Here these are “a”,”aa”, “aaa”, “aaaa”. We are skipping “aaaaa” as that is the whole pattern. If we get a match for that, we are done.
For each of this substring, we will check if there are some consecutive characters which are present in the beginning & also at the end.
So why do we need that? Idea is simple. Suppose, we matched “aaaa”, then we had a mismatch. We know “aaa” is common in the beginning & at the end.
As we matched last three “a”, we know that starting three “a” are already matched. So we can skip them when we start matching again & directly go to 4th character. Let’s see below.
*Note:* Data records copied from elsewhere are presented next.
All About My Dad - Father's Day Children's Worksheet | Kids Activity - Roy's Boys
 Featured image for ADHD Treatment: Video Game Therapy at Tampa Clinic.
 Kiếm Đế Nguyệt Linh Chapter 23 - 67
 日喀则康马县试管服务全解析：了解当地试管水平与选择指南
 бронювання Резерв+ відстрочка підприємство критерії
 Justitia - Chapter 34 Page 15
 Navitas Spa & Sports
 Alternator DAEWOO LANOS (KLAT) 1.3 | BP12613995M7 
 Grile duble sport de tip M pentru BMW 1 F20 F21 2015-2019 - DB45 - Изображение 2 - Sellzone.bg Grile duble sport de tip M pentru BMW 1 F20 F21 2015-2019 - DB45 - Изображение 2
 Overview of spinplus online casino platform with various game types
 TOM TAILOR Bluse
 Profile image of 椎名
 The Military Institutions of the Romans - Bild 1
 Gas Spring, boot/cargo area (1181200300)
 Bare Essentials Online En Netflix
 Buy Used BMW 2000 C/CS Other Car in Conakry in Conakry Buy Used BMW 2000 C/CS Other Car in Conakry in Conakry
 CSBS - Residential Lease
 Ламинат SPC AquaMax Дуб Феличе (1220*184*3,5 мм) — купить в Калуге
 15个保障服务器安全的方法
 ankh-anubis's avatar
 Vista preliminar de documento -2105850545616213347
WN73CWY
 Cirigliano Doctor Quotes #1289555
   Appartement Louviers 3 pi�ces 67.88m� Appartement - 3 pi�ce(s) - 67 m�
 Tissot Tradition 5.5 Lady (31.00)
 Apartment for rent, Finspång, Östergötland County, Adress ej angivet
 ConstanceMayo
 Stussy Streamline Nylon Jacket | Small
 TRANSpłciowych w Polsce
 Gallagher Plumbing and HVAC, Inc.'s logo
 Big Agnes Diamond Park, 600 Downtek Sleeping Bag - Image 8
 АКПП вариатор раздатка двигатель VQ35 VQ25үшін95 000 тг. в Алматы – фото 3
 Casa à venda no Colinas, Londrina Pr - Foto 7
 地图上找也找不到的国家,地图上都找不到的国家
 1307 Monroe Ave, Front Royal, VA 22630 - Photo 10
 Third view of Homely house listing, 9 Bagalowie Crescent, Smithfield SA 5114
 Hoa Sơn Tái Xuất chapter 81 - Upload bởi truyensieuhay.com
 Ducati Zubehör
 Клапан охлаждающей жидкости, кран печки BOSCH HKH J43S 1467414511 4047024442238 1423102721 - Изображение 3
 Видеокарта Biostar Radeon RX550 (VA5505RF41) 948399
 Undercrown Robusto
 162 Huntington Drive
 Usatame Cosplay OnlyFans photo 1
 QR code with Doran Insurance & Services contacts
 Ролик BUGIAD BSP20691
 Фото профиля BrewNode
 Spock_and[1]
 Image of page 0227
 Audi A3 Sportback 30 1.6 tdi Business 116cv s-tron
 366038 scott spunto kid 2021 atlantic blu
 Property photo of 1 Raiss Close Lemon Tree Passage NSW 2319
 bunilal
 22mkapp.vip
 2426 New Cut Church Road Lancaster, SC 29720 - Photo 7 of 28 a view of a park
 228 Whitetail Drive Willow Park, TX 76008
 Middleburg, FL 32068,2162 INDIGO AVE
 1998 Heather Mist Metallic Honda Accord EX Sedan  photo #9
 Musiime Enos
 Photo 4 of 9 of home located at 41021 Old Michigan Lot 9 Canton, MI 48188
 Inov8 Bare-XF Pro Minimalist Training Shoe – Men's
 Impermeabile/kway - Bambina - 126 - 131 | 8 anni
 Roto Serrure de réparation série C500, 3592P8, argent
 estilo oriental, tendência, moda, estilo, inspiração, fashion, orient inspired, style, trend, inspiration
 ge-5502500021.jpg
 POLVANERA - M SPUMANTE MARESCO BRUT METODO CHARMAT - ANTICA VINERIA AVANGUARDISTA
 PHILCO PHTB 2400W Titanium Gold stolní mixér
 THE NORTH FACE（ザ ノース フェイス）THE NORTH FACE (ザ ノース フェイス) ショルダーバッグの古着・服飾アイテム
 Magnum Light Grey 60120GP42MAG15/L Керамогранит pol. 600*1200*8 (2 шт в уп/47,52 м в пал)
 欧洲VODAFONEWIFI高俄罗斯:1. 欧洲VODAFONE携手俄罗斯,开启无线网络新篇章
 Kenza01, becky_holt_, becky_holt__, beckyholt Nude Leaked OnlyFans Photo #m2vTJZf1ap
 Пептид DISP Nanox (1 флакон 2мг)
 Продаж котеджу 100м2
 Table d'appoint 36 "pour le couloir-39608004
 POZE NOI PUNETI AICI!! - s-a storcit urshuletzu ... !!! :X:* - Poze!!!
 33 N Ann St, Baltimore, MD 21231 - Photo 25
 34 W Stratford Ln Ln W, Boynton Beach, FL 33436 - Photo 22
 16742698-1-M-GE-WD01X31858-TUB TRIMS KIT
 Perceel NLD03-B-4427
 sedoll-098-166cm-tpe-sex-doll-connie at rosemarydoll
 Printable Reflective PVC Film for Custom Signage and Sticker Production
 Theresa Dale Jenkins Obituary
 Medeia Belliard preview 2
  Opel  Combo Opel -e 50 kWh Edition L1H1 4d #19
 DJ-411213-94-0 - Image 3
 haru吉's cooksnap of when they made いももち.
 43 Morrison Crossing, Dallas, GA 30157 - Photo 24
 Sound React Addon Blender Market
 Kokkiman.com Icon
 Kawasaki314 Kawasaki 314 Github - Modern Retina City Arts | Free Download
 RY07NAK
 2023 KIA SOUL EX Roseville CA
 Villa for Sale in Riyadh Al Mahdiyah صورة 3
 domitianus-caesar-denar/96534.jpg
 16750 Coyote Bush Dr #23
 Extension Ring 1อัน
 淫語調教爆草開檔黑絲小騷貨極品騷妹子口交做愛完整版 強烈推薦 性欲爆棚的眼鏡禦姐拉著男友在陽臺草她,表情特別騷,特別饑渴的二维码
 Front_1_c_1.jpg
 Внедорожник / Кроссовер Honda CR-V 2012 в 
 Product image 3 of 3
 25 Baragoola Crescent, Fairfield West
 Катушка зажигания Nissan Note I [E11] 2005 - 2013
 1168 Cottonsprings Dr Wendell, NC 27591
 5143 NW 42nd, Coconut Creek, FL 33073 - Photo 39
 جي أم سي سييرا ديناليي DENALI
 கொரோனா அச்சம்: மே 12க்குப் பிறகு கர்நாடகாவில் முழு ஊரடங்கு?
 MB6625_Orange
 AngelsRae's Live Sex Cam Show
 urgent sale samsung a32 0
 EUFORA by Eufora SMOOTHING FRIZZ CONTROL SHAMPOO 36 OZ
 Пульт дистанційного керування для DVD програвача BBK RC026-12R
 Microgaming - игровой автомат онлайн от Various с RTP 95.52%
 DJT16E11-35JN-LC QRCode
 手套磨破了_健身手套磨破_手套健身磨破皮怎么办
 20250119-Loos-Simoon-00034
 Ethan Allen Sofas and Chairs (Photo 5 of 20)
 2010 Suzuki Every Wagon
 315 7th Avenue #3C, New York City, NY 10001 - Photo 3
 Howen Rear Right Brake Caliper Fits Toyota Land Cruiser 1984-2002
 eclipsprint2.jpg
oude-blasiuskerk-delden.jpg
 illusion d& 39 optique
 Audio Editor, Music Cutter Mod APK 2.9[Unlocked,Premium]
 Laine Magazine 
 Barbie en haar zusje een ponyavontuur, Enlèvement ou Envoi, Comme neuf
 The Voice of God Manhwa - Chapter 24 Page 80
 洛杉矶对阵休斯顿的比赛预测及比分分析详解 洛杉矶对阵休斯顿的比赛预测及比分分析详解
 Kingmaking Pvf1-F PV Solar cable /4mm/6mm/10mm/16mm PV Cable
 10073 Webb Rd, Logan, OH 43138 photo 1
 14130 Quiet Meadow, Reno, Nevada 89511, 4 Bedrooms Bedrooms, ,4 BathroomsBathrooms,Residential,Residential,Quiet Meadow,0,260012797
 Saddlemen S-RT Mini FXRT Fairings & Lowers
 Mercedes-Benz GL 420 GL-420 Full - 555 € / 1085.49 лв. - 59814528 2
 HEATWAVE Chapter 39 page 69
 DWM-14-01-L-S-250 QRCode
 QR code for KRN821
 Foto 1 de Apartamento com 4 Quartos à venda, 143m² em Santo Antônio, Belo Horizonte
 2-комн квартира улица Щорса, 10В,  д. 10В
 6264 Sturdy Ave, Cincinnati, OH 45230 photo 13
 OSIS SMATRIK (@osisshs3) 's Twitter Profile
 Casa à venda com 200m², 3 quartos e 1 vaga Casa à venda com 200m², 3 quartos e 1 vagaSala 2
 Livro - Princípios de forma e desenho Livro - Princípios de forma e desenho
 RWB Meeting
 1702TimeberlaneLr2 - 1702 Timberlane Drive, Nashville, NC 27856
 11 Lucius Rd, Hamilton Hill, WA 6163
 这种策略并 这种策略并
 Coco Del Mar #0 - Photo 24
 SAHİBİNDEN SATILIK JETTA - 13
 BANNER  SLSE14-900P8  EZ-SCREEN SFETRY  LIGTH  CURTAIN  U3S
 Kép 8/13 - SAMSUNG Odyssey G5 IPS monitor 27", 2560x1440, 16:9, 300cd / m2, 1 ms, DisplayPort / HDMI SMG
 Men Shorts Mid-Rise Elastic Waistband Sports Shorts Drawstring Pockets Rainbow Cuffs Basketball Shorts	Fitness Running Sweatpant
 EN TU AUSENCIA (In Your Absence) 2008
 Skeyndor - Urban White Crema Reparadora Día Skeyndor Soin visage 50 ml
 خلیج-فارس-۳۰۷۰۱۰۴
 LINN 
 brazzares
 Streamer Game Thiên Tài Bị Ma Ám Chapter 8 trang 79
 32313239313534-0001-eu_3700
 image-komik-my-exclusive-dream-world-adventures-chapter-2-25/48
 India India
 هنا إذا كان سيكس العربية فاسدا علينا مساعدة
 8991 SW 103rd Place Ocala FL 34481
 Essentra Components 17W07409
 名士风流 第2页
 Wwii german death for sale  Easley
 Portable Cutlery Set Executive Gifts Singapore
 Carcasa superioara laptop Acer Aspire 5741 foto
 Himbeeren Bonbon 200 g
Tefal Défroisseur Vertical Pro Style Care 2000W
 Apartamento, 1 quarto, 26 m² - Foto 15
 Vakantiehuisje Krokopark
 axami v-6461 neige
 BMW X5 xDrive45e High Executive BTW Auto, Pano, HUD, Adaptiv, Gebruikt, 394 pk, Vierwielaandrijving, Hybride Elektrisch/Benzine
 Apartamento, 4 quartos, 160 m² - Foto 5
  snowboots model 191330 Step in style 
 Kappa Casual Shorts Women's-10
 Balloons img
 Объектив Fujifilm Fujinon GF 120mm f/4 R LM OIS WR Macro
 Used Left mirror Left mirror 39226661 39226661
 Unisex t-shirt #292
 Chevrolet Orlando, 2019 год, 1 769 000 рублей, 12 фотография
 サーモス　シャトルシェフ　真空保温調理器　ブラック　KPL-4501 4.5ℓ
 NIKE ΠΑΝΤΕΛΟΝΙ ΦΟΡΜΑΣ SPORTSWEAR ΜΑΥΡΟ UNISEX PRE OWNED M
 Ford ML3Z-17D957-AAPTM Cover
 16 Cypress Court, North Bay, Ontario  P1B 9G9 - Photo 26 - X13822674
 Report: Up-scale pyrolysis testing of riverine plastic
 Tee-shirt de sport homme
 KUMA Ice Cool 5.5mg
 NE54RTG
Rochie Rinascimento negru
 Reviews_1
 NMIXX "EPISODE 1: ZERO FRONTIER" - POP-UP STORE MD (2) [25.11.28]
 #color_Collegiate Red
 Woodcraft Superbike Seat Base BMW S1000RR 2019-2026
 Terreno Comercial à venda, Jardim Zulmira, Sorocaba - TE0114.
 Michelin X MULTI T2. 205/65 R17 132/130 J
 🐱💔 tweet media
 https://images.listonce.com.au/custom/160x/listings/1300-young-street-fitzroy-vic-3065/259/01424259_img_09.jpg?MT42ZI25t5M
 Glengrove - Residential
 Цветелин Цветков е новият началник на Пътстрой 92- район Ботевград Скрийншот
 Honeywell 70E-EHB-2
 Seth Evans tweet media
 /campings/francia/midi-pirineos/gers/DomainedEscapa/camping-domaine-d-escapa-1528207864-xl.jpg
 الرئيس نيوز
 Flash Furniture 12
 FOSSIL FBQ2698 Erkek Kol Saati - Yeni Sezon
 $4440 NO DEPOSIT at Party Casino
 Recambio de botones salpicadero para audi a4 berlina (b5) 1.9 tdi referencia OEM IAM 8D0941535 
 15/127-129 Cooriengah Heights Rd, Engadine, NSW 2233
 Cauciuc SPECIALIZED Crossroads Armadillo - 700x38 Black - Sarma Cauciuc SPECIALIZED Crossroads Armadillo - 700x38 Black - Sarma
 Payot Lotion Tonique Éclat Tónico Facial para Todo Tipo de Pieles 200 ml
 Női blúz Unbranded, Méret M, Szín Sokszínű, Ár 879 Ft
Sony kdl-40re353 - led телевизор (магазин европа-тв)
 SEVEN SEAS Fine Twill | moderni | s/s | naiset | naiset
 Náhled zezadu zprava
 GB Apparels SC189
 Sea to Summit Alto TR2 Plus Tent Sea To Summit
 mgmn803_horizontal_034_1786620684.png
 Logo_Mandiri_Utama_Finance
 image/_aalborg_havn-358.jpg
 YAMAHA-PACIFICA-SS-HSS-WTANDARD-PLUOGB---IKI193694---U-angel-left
Here is the prefix suffix table for the example above. It’s easy to understand. All characters are same. So proper prefix suffix length will be substring length – 1.
Length: 1 2 3 4 Value: 0 1 2 3
Search Steps:
Now let’s match it.
t: aaaabaabab
p: aaaaa
t[1] = p[1], match length 1, increment both t & p.
t: aaaabaabab
p: aaaaa
t[2] = p[2], match length 2, increment both t & p.
t: aaaabaabab
p: aaaaa
t[3] = p[3], match length 3, increment both t & p.
t: aaaabaabab
p: aaaaa
t[4] = p[4], match length 4, increment both t & p.
t: aaaabaabab
p: aaaaa
t[5] ≠ p[5], match failed, we won’t move t in that case, prefix[4] = 3 from the table, so we set p to prefix[4] + 1 = 4.
t: aaaabaabab
p: aaaaa
t[5] ≠ p[4], match failed, we won’t move t in that case, prefix[3] = 2 from the table, so we set p to prefix[3] + 1 = 3.
t: aaaabaabab
p: aaaaa
t[5] ≠ p[3], match failed, we won’t move t in that case, prefix[2] = 1 from the table, so we set p to prefix[2] + 1 = 2.
t: aaaabaabab
p: aaaaa
t[5] ≠ p[2], match failed, we won’t move t in that case, prefix[1] = 0 from the table, as we set p to prefix[1] + 1 = 1.
t: aaaabaabab
p: aaaaa
t[5] ≠ p[1], match failed, p is at the first character, so we can’t decrement it & increment only t.
t: aaaabaabab
p: aaaaa
t[6] = p[1], match length 1, increment both t & p.
t: aaaabaabab
p: aaaaa
t[7] = p[2], match length 2, increment both t & p.
t: aaaabaabab
p: aaaaa
t[8] ≠ p[3], match failed, we won’t move t in that case, prefix[2] = 1 from the table, so we set p to prefix[2] + 1 = 2.
t: aaaabaabab
p: aaaaa
t[8] ≠ p[2], match failed, we won’t move t in that case, prefix[1] = 0 from the table, so we set p to prefix[1] + 1 = 1.
t: aaaabaabab
p: aaaaa
t[8] ≠ p[1], match failed, p is at the first character, so we can’t decrement it & increment only t.
t: aaaabaabab
p: aaaaa
t[9] = p[1], match length 1, increment both t & p.
t: aaaabaabab
p: aaaaa
t[10] ≠ p[2], match failed, we won’t move t in that case, prefix[1] = 0, from the table, so we set p to prefix[1] + 1 = 1.
t: aaaabaabab
p: aaaaa
t[10] ≠ p[1], match failed, p is at the first character, so we can’t decrement it & increment only t, but t is at the last position, so matching ends here without finding the pattern.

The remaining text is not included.